The days may be numbered for the Elizabeth Street Garden due to Tuesday’s mayoral election win by Zohran Mamdani, who's vowed to evict the garden’s private operators from the city-owned lot to make way for an affordable housing development that aims to help formerly homeless seniors.
After spending years fighting to evict the garden’s operators to make way for the new housing, Mayor Eric Adams changed his mind the day before June’s Democratic primary. First Deputy Mayor Randy Mastro and local Councilmember Christopher Marte announced they’d let the beloved-but-controversial garden remain in place while they pursued other new housing developments elsewhere in the neighborhood.
Mamdani said in multiple interviews he’d boot the garden in order to build the housing development. It sets the stage for more conflicts Mamdani may face as mayor as he tries to address the city’s housing shortage, while also maintaining support among progressives who are distrustful of real estate developers.
Andrew Scherer, a professor at New York Law School and an expert on landlord-tenant law, said the garden’s operators are in a “very vulnerable position" after a judge signed an eviction order in March. Scherer said Mamdani would have legal backing to kick them out.
“It sounds like he will forge ahead,” Scherer said. “A city like New York should be able to figure out ways to have both valuable open space and the necessary housing for elderly and low-income people.”
“It's a bit of a failure of will and policy to get to this point,” he added.
The garden was mostly closed to the public until around 2013. That year, the city Department of Housing Preservation and Development identified the lot as a potential site to add more housing in lower Manhattan. In the following years, the garden’s operators made the space open to the public, and it’s since become a popular place to relax downtown.
The campaign to save the garden heated up in 2017, when officials under former Mayor Bill de Blasio announced plans for the “Haven Green,” a private affordable housing development with units reserved for formerly homeless seniors. The current proposal for the development would add 123 new units of housing, and would include a smaller public garden on the lot.
The garden stopped paying rent in 2018, and a judge last year found its organizers owe the city $95,000 in back rent.
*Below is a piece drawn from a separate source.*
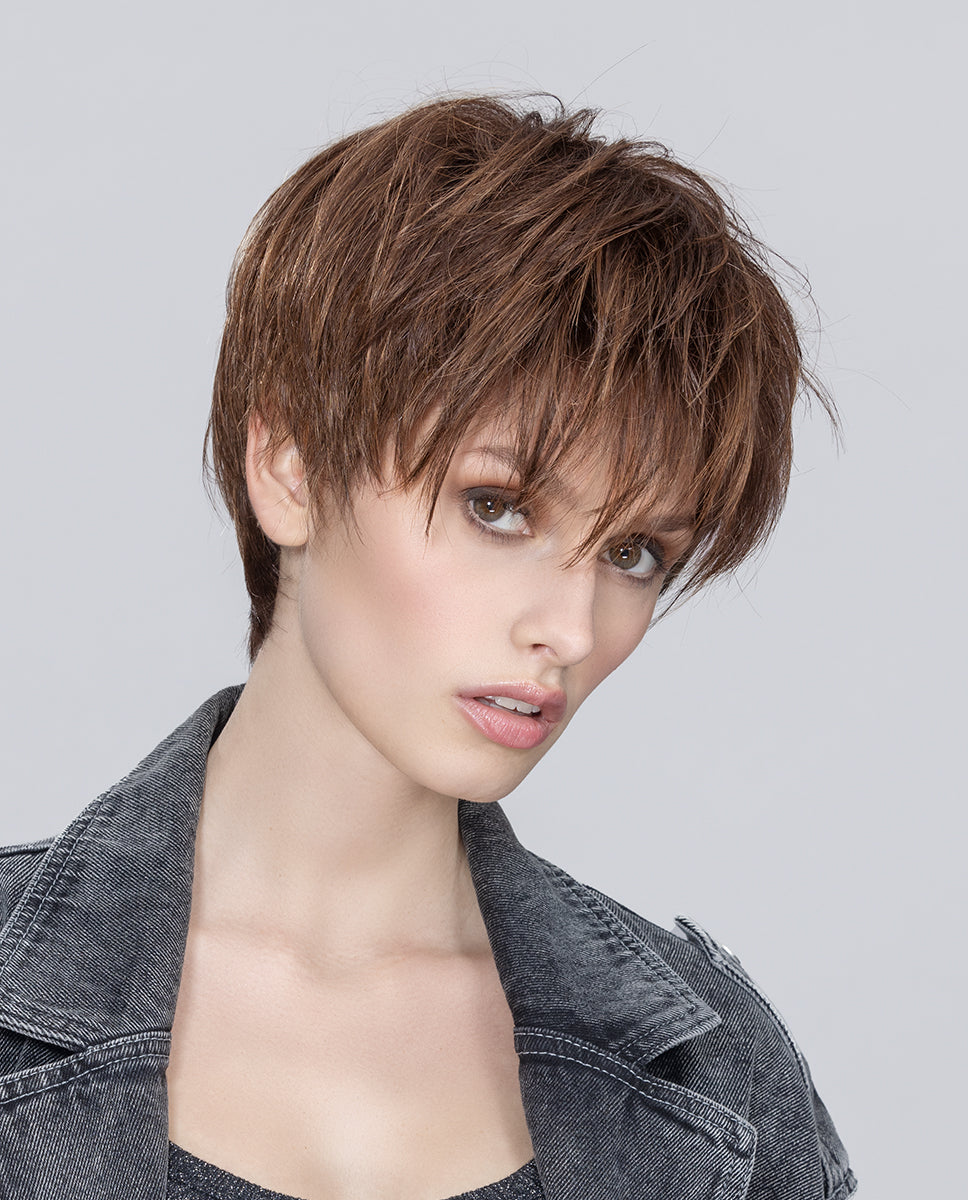 Front view of a woman wearing the Ellen Wille Beat short wig, showing its textured tapered cut and modern brow-grazing fringe.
The garden’s organizers did not respond to requests for comment or questions on if they had begun paying rent after the June deal, but in an Oct. 28 statement, the garden’s operators said they would “continue to do everything we can to protect Elizabeth Street Garden from anyone who seeks to destroy it.”
Marte’s City Council district has added roughly 2,175 new units of affordable housing over the last decade, roughly a quarter of what’s been built in sections of the Bronx over the same period.
Marte supported Mamdani’s candidacy, but the two are split on housing policies, like a set of ballot proposals approved by voters this week that allow the mayor to fast-track new residential development with less oversight from the City Council.
Daniel Marans, a spokesperson for Adams, said the mayor would leave Elizabeth Street Garden in place while he remains in office through the end of the year. A spokesperson for Mamdani’s campaign did not respond to questions about the space’s future.
Kathleen Webster, who has for years advocated for housing on the garden site, said the new development strikes a compromise by adding new housing and retaining a portion of the green space
“ I just think that it's, we are in an era where we better learn to share,” she said. “And you know, you don't always get exactly what you want.”